Thanks to Einstein, we know that our three-dimensional space is warped and curved. And in curved space, normal ideas of geometry and straight lines break down, creating a chance to explore an unfamiliar landscape governed by new rules. But studying how physics plays out in a curved space is challenging: Just like in real estate, location is everything.
“We know from general relativity that the universe itself is curved in various places,” says JQI Fellow Alicia Kollár, who is also a professor of physics at the University of Maryland (UMD). “But, any place where there's actually a laboratory is very weakly curved because if you were to go to one of these places where gravity is strong, it would just tear the lab apart.”
Spaces that have different geometric rules than those we usually take for granted are called non-Euclidean. If you could explore non-Euclidean environments, you would find perplexing landscapes. Space might contract so that straight, parallel lines draw together instead of rigidly maintaining a fixed spacing. Or it could expand so that they forever grow further apart. In such a world, four equal-length roads that are all connected by right turns at right angles might fail to form a square block that returns you to your initial intersection.
These environments overturn core assumptions of normal navigation and can be impossible to accurately visualize. Non-Euclidean geometries are so alien that they have been used in videogames and horror stories as unnatural landscapes that challenge or unsettle the audience.
But these unfamiliar geometries are much more than just distant, otherworldly abstractions. Physicists are interested in new physics that curved space can reveal, and non-Euclidean geometries might even help improve designs of certain technologies. One type of non-Euclidean geometry that is of interest is hyperbolic space—also called negatively-curved space. Even a two-dimensional, physical version of a hyperbolic space is impossible to make in our normal, “flat” environment. But scientists can still mimic hyperbolic environments to explore how certain physics plays out in negatively curved space.
In a recent paper in Physical Review A, a collaboration between the groups of Kollár and JQI Fellow Alexey Gorshkov, who is also a physicist at the National Institute of Standards and Technology and a Fellow of the Joint Center for Quantum Information and Computer Science, presented new mathematical tools to better understand simulations of hyperbolic spaces. The research builds on Kollár’s previous experiments to simulate orderly grids in hyperbolic space by using microwave light contained on chips. Their new toolbox includes what they call a “dictionary between discrete and continuous geometry” to help researchers translate experimental results into a more useful form. With these tools, researchers can better explore the topsy-turvy world of hyperbolic space.

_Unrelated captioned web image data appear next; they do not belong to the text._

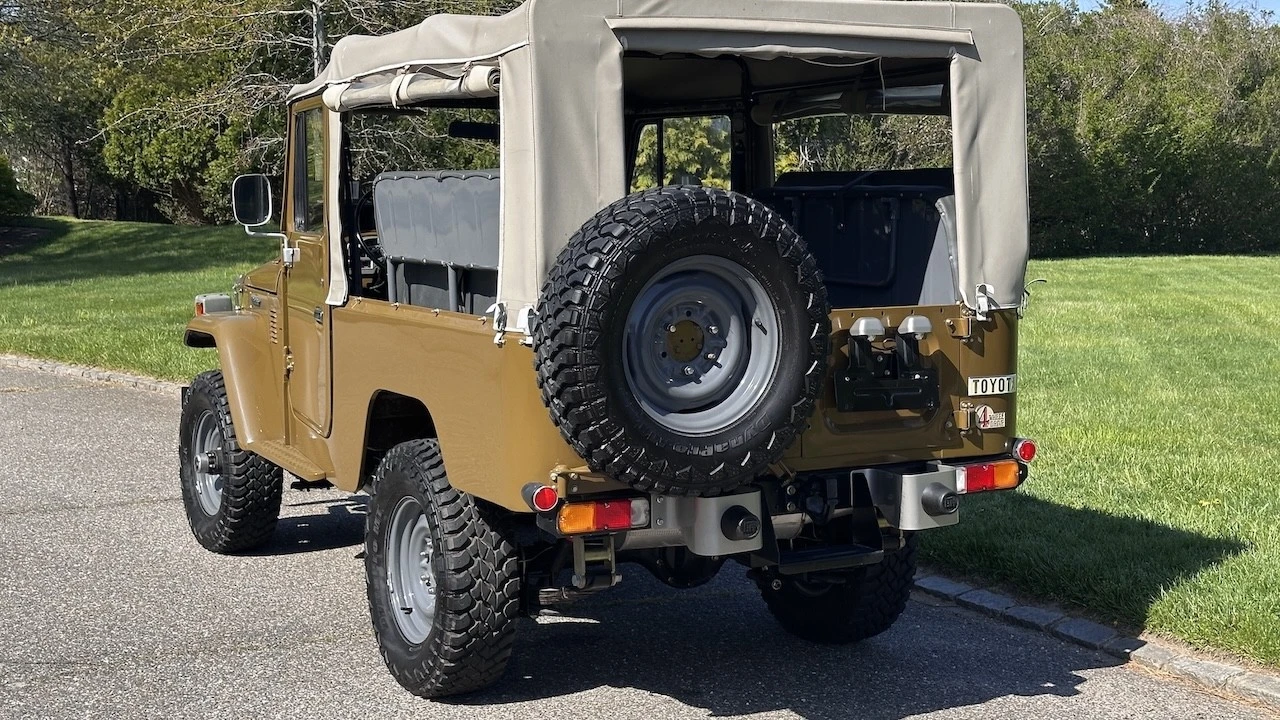 1979 Toyota FJ Cruiser - Image 27 of 31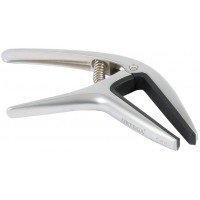 Ortega TWCAPO CR Универсальный каподастр для гитары, хром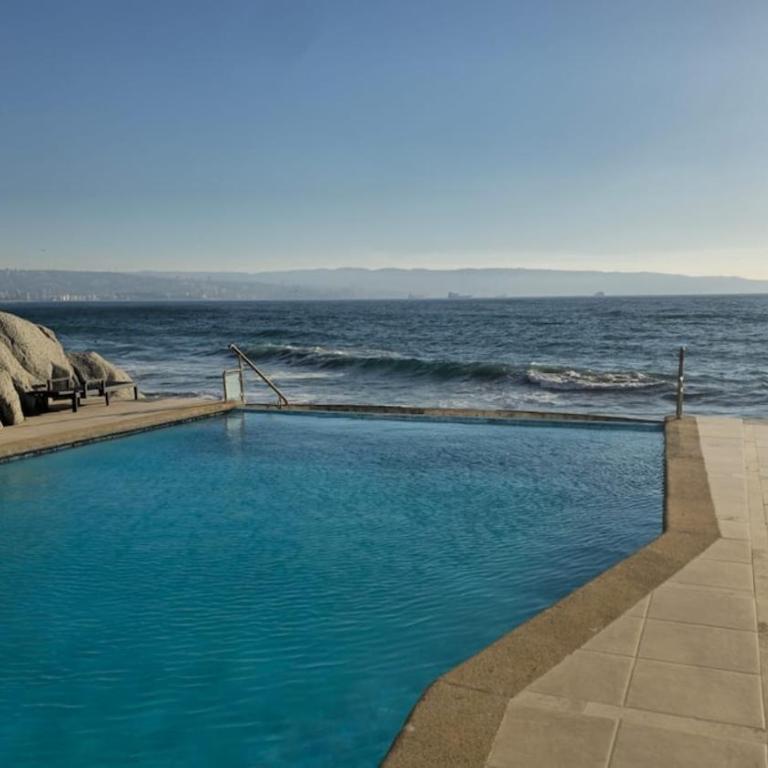 Spectacular over the sea, sector 5 Reñaca - Apartment - 55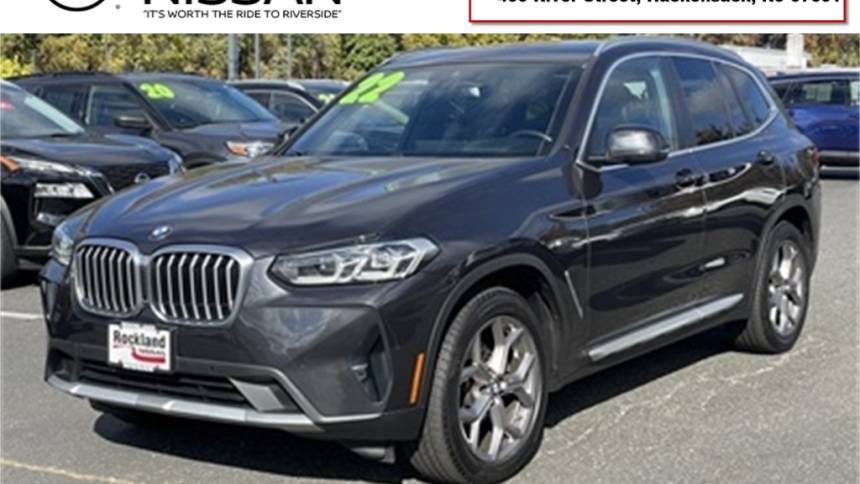 2022 BMW X3 30i — SUV — 45,640 mi — Hackensack, NJ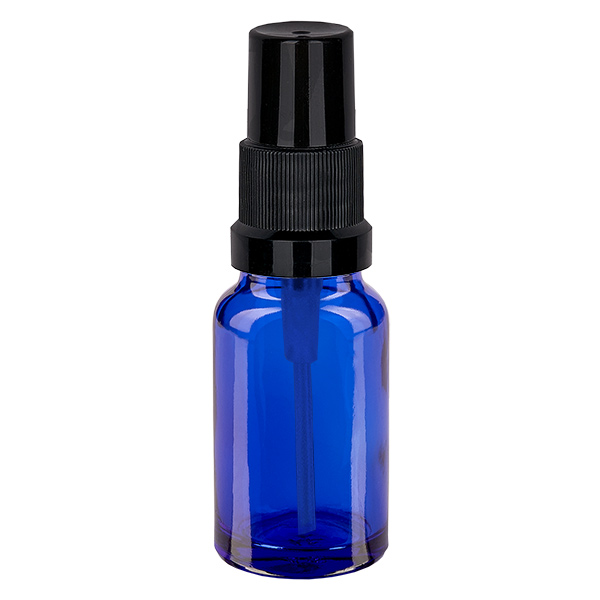 10ml spuitflesje zwart STD BlueLine UT18/10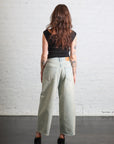 Cropped Roomy Jean in Geyser Blue by 6397-6397-Idlewild-Cincinnati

The situation isn’t precisely like Alice falling down the rabbit hole, but these experiments are an opportunity to explore a new world where surprising discoveries might be hiding behind any corner and the very meaning of turning a corner must be reconsidered.
“There are really many applications of these experiments,” says JQI postdoctoral researcher Igor Boettcher, who is the first author of the new paper. “At this point, it's unforeseeable what all can be done, but I expect that it will have a lot of rich applications and a lot of cool physics.”
A Curved New World
In flat space, the shortest distance between two points is a straight line, and parallel lines will never intersect—no matter how long they are. In a curved space, these basics of geometry no longer hold true. The mathematical definitions of flat and curved are similar to the day to day meaning when applied to two dimensions. You can get a feel for the basics of curved spaces by imagining—or actually playing around with—pieces of paper or maps.
For instance, the surface of a globe (or any ball) is an example of a two-dimensional positively curved space. And if you try to make a flat map into a globe, you end up with excess paper wrinkling up as you curve it into a sphere. To have a smooth sphere you must lose the excess space, resulting in parallel lines eventually meeting, like the lines of longitude that start parallel at the equator meeting at the two poles. Due to this loss, you can think of a positively curved space as being a less-spacy space than flat space.
Hyperbolic space is the opposite of a positively curved space—a more-spacy space. A hyperbolic space curves away from itself at every point. Unfortunately, there isn’t a hyperbolic equivalent of a ball that you can force a two-dimensional sheet into; it literally won’t fit into the sort of space that we live in.
The best you can do is make a saddle (or a Pringle) shape where the surrounding sheet hyperbolically curves away from the center point. Making every point on a sheet similarly hyperbolic is impossible; there isn’t a way to keep curving and adding paper to create a second perfect saddle point without it bunching up and distorting the first hyperbolic saddle point.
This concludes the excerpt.